Social Security Disability Benefits For Heart Disease

Heart disease can greatly affect your ability to work. Understand the SSDI eligibility requirements, including necessary medical documentation and degree of impairment to prove your claim. This information can increase your chances of getting SSDI for heart disease.

Medical debt relief for heart disease can provide much-needed financial assistance and relief to patients and families struggling to manage the costs of treatment and living expenses.

SSDI Heart Disease Eligibility Guidelines

1. Determine if an individual is working (engaging in substantial gainful activity) according to the SSA definition. Earning more than $1,470 a month as an employee is enough to be disqualified from receiving Social Security disability benefits.

2. Conclude the heart disease disability must be severe enough to significantly limit one’s ability to perform basic work activities needed to do most jobs. For example:

  • Walking, standing, sitting, lifting, pushing, pulling, reaching, carrying or handling.
  • Seeing, hearing and speaking.
  • Understanding/carrying out and remembering simple instructions.
  • Responding appropriately to supervision, co-workers and usual work situations.
  • Dealing with changes in a routine work setting.

3. Decide if the heart disability meets or equals a medical listing. Heart disease is listed under the cardiovascular system (Medical Listing 4.00). Satisfying the listing criteria is dependent on the type of heart disease one has, e.g. chronic heart failure, ischemic heart disease, cardiomyopathy, etc.

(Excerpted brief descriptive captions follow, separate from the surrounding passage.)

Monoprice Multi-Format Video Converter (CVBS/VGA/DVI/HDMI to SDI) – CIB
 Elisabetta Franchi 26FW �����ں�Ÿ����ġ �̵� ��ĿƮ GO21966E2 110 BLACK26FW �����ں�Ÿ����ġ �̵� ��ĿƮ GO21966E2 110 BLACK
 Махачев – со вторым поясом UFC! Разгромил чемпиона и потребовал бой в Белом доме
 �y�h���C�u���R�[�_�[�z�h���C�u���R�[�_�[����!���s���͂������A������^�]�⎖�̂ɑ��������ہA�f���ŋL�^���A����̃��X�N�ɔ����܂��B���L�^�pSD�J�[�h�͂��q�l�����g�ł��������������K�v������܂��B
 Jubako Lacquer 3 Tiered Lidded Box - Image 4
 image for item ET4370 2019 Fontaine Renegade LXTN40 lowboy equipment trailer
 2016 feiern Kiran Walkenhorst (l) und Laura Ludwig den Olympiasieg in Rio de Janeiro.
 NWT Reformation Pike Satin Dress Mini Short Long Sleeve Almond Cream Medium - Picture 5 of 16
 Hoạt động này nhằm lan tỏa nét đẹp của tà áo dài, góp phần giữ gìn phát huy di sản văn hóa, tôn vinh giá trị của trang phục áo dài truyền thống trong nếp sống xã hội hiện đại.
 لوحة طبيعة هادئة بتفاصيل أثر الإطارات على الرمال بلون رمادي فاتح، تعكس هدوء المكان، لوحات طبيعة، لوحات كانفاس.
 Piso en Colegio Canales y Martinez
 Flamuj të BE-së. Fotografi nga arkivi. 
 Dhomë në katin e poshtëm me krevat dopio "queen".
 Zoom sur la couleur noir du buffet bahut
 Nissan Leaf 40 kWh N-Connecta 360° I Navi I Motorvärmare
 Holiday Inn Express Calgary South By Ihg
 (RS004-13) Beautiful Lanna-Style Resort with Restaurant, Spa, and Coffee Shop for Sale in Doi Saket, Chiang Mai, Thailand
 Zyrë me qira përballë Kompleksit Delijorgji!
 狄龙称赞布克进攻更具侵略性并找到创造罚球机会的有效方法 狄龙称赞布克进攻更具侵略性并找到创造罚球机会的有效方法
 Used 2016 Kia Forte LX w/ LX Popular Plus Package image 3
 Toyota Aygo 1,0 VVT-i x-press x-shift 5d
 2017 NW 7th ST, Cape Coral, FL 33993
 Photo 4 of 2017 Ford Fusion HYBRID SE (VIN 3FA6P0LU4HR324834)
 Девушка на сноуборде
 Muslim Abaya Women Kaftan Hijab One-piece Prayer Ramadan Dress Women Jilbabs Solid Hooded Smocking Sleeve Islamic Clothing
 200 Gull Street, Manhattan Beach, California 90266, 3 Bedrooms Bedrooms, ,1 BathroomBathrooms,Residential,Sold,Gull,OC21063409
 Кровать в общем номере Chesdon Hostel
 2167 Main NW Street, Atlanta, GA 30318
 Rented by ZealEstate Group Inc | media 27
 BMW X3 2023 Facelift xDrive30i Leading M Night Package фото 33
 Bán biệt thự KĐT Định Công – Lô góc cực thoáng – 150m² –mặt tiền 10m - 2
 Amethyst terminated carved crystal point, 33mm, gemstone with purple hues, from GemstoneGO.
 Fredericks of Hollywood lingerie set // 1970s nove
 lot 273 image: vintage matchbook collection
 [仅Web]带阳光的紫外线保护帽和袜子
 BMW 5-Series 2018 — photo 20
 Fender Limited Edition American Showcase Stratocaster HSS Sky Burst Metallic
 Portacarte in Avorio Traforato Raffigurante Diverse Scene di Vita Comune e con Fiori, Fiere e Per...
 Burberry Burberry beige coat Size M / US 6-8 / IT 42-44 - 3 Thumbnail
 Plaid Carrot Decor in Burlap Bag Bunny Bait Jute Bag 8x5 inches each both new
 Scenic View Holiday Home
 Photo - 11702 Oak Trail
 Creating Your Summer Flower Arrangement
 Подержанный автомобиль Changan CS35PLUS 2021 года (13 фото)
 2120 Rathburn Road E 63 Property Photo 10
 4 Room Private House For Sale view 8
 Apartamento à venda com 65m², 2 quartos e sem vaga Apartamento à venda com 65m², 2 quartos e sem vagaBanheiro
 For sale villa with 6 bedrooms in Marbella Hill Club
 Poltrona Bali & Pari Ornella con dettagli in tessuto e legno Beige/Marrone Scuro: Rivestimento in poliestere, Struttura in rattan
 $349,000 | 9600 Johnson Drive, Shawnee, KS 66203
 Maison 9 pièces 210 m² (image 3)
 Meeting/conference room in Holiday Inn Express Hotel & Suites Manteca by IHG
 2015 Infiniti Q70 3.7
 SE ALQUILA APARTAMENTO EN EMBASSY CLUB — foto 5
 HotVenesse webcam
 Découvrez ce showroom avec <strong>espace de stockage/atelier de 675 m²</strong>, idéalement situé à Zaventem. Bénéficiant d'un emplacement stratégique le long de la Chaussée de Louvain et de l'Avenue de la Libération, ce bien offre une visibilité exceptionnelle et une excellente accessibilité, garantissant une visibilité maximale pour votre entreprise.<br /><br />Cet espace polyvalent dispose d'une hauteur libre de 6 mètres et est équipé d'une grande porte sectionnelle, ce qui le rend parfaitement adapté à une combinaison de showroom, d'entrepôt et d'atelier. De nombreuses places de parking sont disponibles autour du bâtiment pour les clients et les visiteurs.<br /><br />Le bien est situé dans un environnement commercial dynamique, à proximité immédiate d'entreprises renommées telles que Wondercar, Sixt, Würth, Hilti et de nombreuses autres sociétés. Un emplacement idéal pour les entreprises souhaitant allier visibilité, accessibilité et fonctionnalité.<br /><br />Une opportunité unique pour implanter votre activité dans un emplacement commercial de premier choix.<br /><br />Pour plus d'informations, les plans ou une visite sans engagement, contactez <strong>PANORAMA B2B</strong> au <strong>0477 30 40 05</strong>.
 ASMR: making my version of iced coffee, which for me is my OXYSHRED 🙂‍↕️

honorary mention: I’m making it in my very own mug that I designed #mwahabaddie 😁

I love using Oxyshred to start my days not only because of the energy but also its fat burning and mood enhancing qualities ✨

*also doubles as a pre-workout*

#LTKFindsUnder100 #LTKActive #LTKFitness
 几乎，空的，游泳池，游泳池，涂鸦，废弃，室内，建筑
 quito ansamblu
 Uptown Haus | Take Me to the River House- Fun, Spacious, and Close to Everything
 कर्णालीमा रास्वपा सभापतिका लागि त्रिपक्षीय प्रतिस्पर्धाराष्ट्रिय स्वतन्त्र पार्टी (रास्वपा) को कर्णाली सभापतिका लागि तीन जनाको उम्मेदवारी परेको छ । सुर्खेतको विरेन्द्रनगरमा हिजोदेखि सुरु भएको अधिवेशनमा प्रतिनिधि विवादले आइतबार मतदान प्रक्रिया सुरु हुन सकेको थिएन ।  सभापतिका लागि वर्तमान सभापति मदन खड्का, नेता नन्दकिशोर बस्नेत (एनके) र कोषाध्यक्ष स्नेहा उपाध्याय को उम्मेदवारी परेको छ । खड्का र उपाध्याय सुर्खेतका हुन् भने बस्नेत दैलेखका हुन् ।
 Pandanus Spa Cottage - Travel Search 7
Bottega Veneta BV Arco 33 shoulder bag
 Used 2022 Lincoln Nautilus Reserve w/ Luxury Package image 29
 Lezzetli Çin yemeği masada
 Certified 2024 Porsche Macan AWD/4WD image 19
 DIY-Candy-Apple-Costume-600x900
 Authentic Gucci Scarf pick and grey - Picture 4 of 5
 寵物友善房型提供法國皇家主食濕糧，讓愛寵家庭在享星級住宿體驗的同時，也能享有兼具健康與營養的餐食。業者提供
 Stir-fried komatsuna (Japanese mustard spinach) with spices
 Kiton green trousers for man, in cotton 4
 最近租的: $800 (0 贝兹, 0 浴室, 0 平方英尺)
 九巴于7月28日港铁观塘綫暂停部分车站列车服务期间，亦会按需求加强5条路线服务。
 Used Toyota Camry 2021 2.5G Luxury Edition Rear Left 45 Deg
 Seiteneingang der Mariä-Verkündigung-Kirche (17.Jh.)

Various studies such as angiography, echocardiography, and electrocardiography are used to assess the severity of the heart disease. For example, an individual with ischemic heart disease who has a left ventricular ejection fraction of 30% or less, is precluded from performing an exercise stress test and has a marked limitation of physical activity would be found to have a listing level impairment.

4. Explore the ability of an individual to perform work they have done in the past despite their heart disease. If the SSA finds that a person can do his past work, benefits are denied. If the person cannot, then the process proceeds to the fifth and final step.

5. Review age, education, work experience and physical/mental condition to determine what other work, if any, the person can perform. To determine heart disease disability, the SSA enlists medical-vocational rules, which vary according to age.

For example, if a person is:

Under age 50 and, as a result of the symptoms of heart disease, unable to perform what the SSA calls sedentary work, then the SSA will reach a determination of disabled. Sedentary work requires the ability to lift a maximum of 10 pounds at a time, sit six hours and occasionally walk and stand two hours per eight-hour day.

Age 50 or older and, due to the heart disability, limited to performing sedentary work, but has no work-related skills that allow him to do so, the SSA will reach a determination of disabled.

Age 55 or older and, due to the disability, limited to performing light work, but has no work-related skills that allow him to do so, the SSA will reach a determination of disabled.

Over age 60 and, due to the heart disability, unable to perform any of the jobs he performed in the last 15 years, the SSA will likely reach a determination of disabled.

Any age and, because of heart disease, has a psychological impairment that prevents even simple, unskilled work, the SSA will reach a determination of disabled.